For myself, my own thinking about new career icons follows a number of tracks. Here are a few of my ideas:

Lmproulx Iphone

Computer//Tablet/Smartphone

Since its invention, the telephone has always represented communication and, in many ways, business itself. “Let your fingers do the walking” through the Yellow Pages used to be one, major way of finding business and services and even customers that you needed. Today, with the ubiquitous nature of computers in business, along with the more recent counterparts, the tablet and smartphone, I think a good case could be made for making these devices the “briefcase” of our era. Instead of folders of documents, the daily newspaper, magazines and perhaps a lunch crammed into a briefcase, we carry our data and our knowledge around in these smaller and smaller digital “briefcases.” I think it is safe to say that the smartphone alone could become an icon for overall human productivity, not just career. So much, both good and bad, useful and not, occurs on these devices that it seems likely they will become the new icon of work and career.

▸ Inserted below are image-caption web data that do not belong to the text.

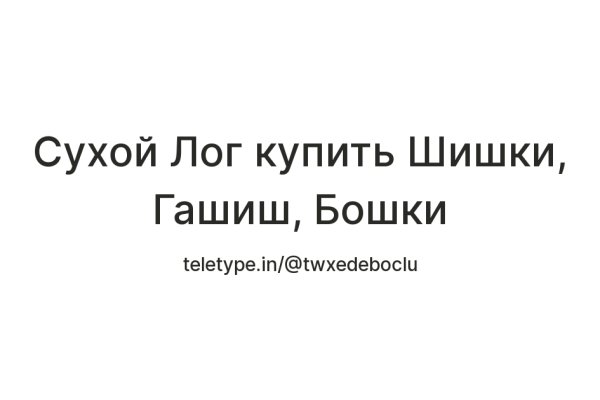 Скачать кракен тор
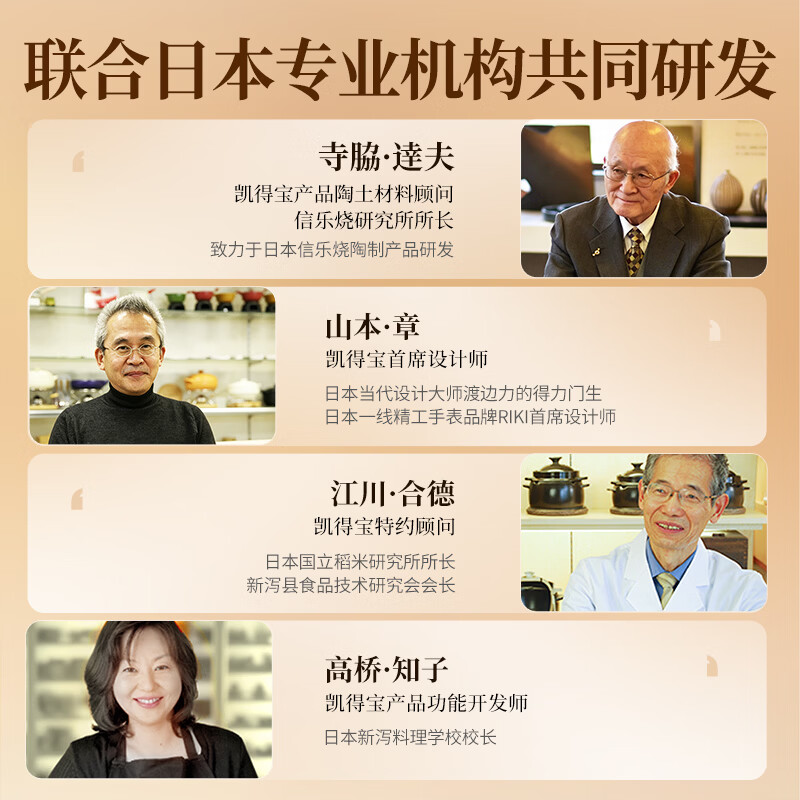 凯得宝（K+dep） 日本日式汽锅鸡陶瓷盬子鸡锅气锅鸡气锅子蒸汽锅家用汤锅沙锅 二代锅3.5L红+汽2L红 22cm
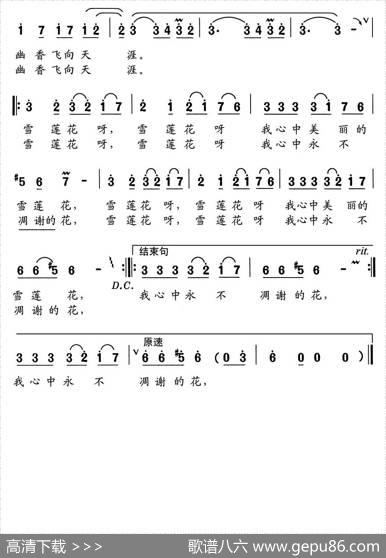 雪莲花（赵雪勤词舒京曲） - 赵雪勤|舒京
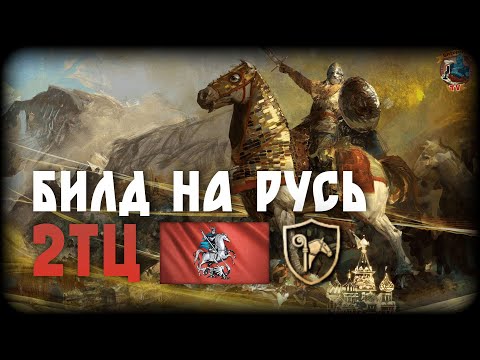 Видео: Билд на Русь в 2тц | AoE 4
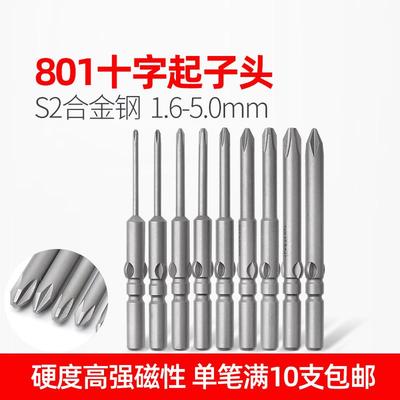 LEANUO/801电批头十字4C电动螺丝刀头起子头加磁高硬度S2合金批咀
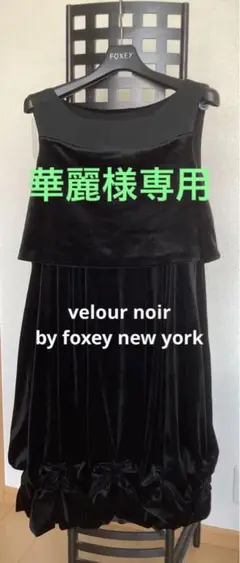 フォクシー NY ベロアノアール マタニティ 授乳服 黒 38 セレモニー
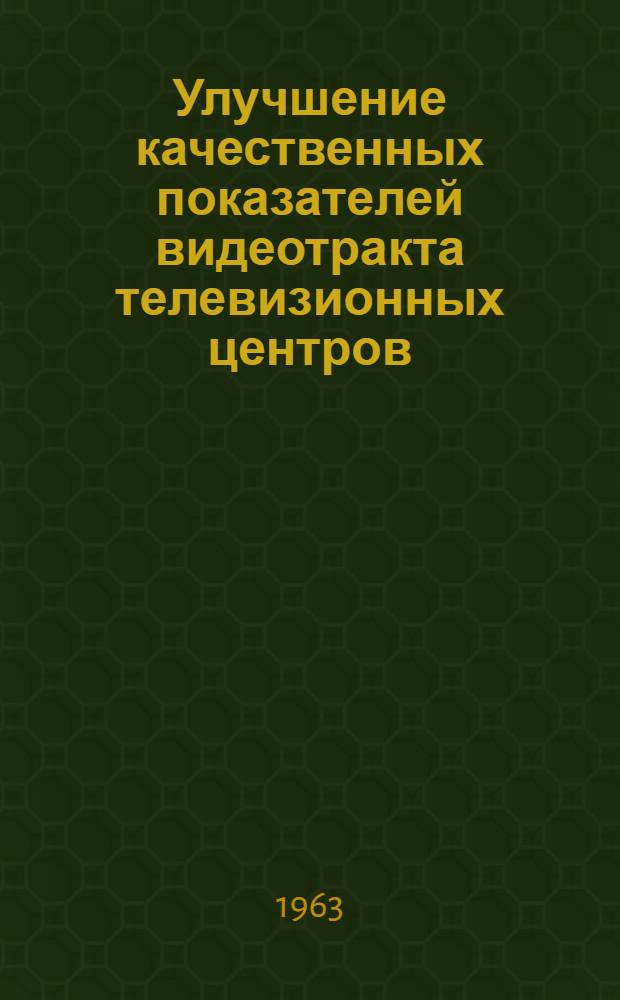 Улучшение качественных показателей видеотракта телевизионных центров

A network of interconnecting lines and arrows

Network connection

One clear truth about careers in this age, and even in the past to some extent, is that your career is made up of a host of connections between people, companies, data and more. A network diagram with lines and arrows going in every direction certainly seems to reflect the nature of career. Rarely do you walk your career path alone. You are constantly connecting with new people, new technology, and new information. I think a good visual icon for career should clearly represent this integrated series of connections where we live and work every day. Not only would it better represent the reality of our lives and work, but also reinforce the importance of these connections both for us and for those around us.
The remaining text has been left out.